The Diamond D-Jet is an exciting project, and a recent infusion of development cash has allowed Diamond to continue expanding the envelope. “We have three airplanes in development, and our design targets are 315 knots at a maximum altitude of 25,000 feet with a cabin pressurized to 5.5 psi. That will provide a cabin altitude of 8,000 feet and allow the airplane to fly above 90% of the
“We’re currently 70% complete on the D-Jet program and 100% finished on the aerodynamic configuration,” says Maurer. “We’ve done most of the static tests, pumping a test cabin up to two times nominal pressure and cycled it a total of 20,000 times. To keep the Williams FJ-33A’s bifurcated air inlet warm in possible icing conditions, we’re pumping bleed air to both sides of the inlet. We’re currently experimenting with the stick pusher to determine the activation system that will automatically reduce the angle of attack in the event of an approaching stall.”

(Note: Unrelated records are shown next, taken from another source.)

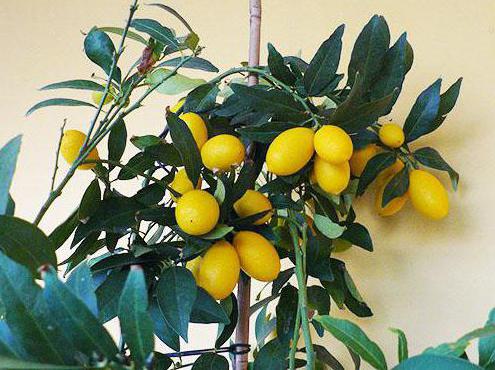 sazenice pavlovsk citronu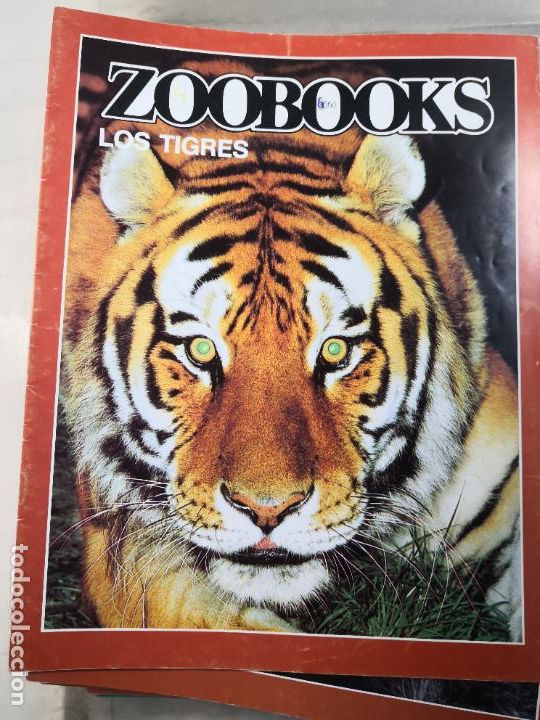 Libros de segunda mano: LOS TIGRES ZOOBOOKS-PORTES 4,99 - Foto 2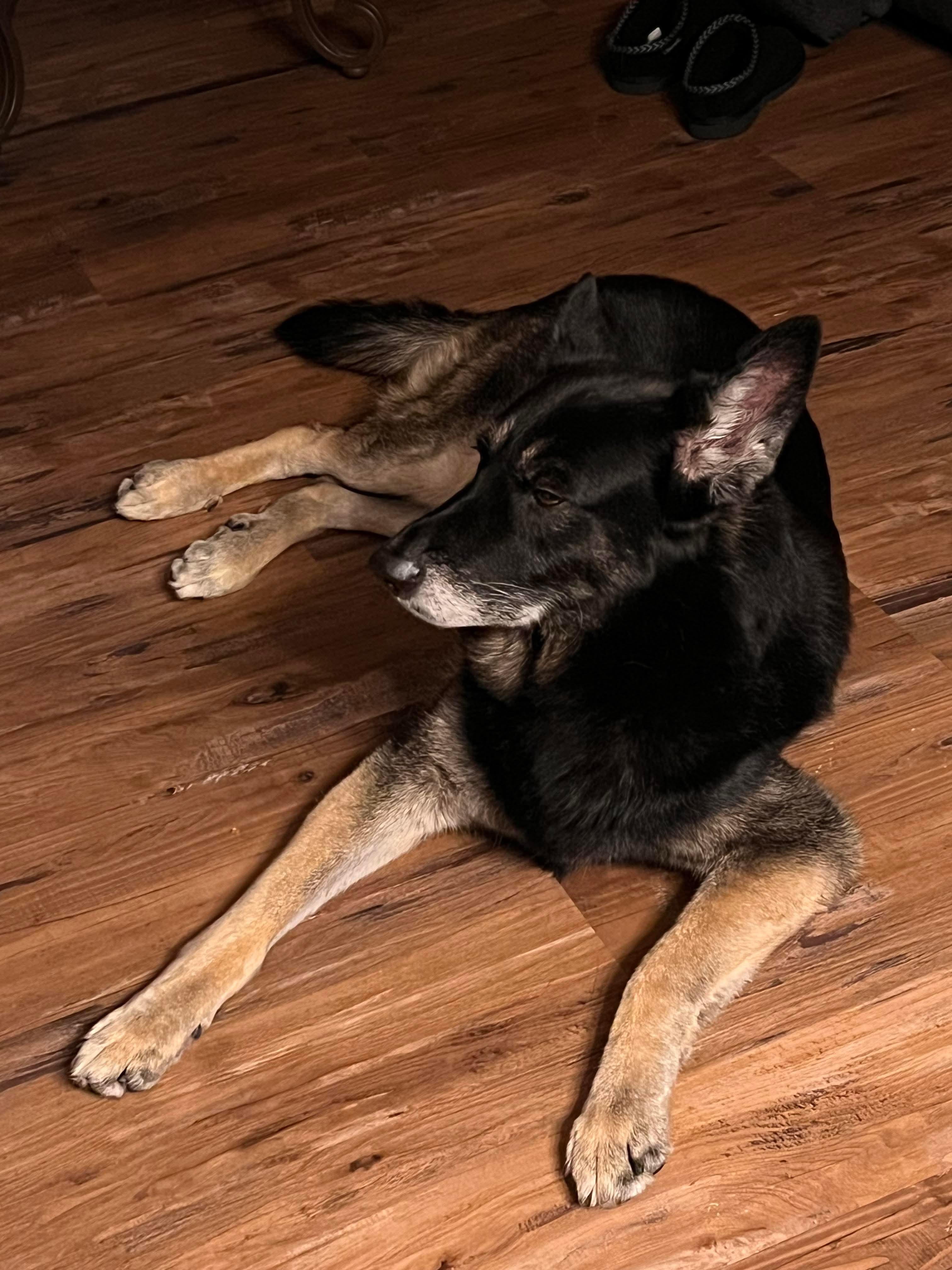 Enlarge Whitman, a Adoptable German Shepherd Dog in Boardman, OH image 3/6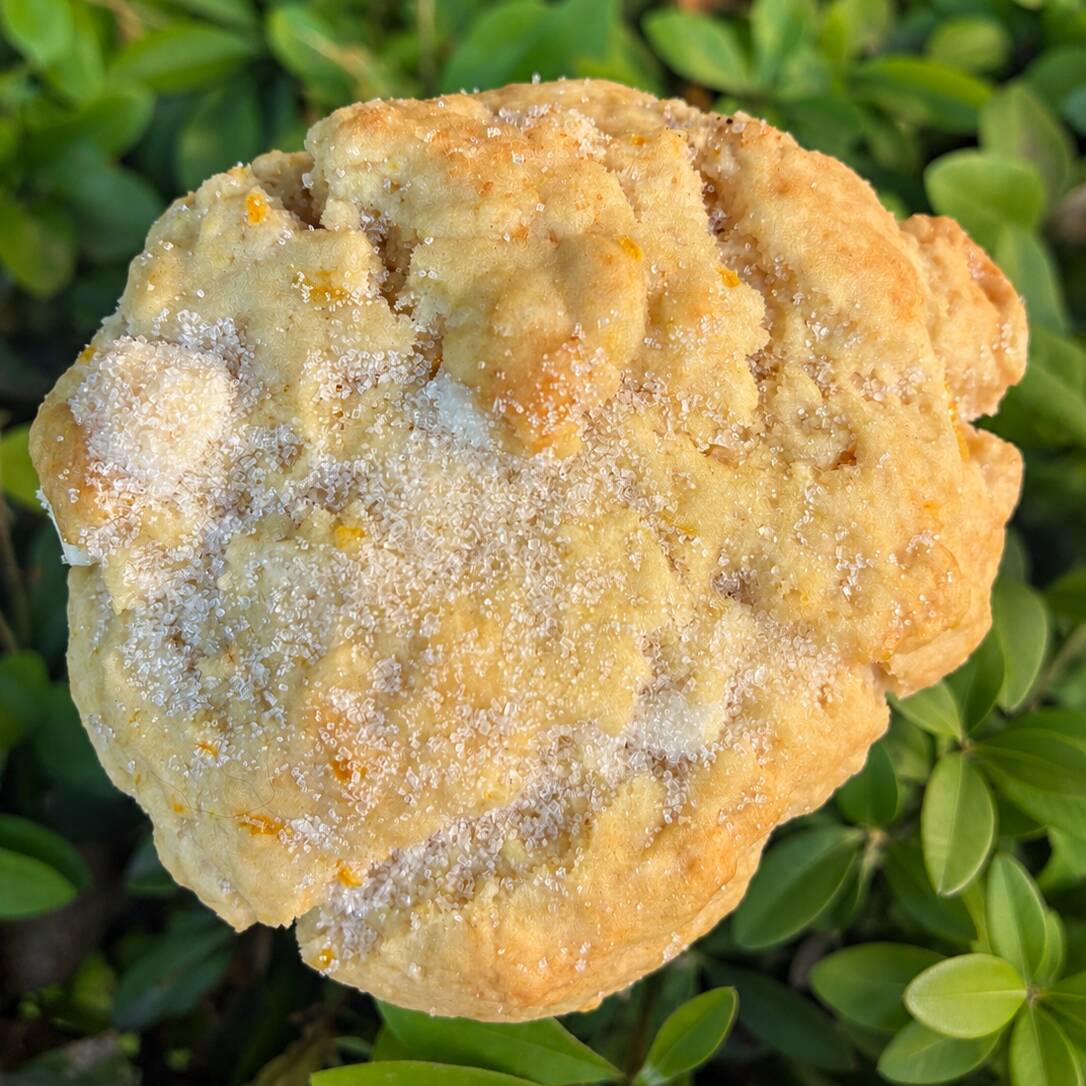 Galleta NY Sabor Pan de Muerto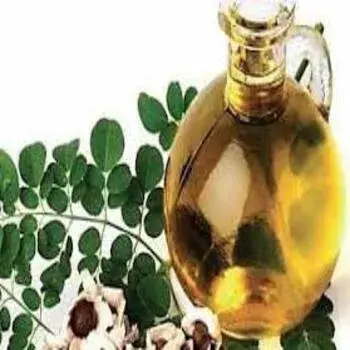Moringa Oil Manufacturer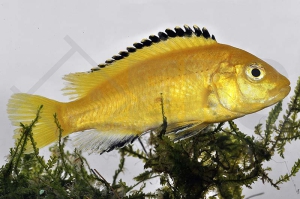 010066_Labidochromis-caeruleus_Gelber-Labidochromis-Yellow_01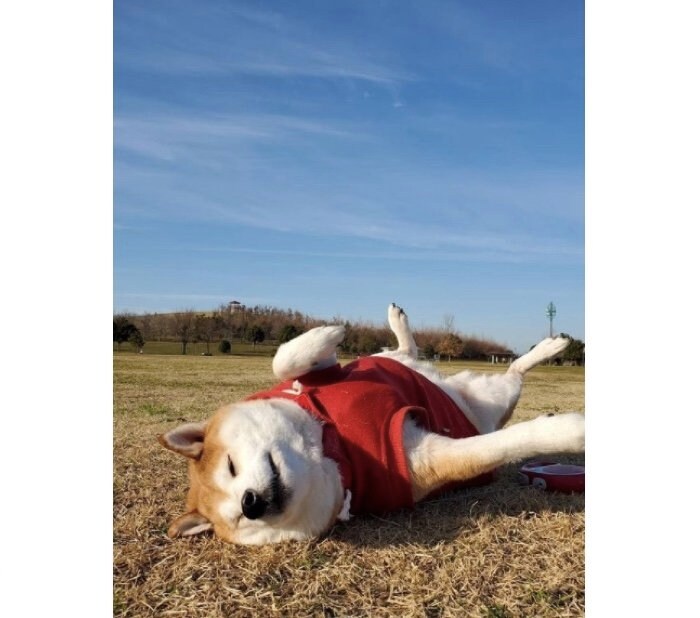 提供：柴犬ななさん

Maurer anticipates the program will be complete in 24 months, and the first production airplane should fly away from the London, Ontario, Canada, factory in Q3 2014.
Diamond is also experimenting with a number of other special project applications for the DA42 Twin Star and HK36 motor glider. “We have a daughter company in Wiener-Neustadt, Diamond Airborne Sensing, that’s employing several of our aircraft on special mission applications. We used the motorglider for TV coverage on Monday Night Football, utilizing gyro-stabilized cameras. The HK36 has also worked well in Australia doing environmental air sampling for a variety of applications.
“For missons that involve IMC operation and useful load concerns, we’re now using the DA42. That airplane has the advantage of carrying a 200-pound photogrammetry package in the nose and can transmit real-time satellite uplink anywhere in the world,” says Maurer.
“The same airplane can be equipped with a variety of electronic sensors and has been employed in a number of diverse missions, everything from fire-spotting and reconnaissance in the Ukraine to border patrol, security operations and some projects for the British Ministry of Defense in Afghanistan. We even have a number of DA42s operating as UAVs, doing photo reconnaissance work without putting a pilot risk.
“Here in Canada, the airplanes are also employed in mining survey work, flying low with magnetometers under the wings, looking for various mineral deposits,” Maurer comments.
“We’re always looking for new applications,” says Maurer, “and while the multi-faceted, twin-engine DA42 is currently our leader in that market, we’re especially pleased that the Star XLS is regarded as the best airplane for practically all reasons in the fixed-gear, 180 hp class.”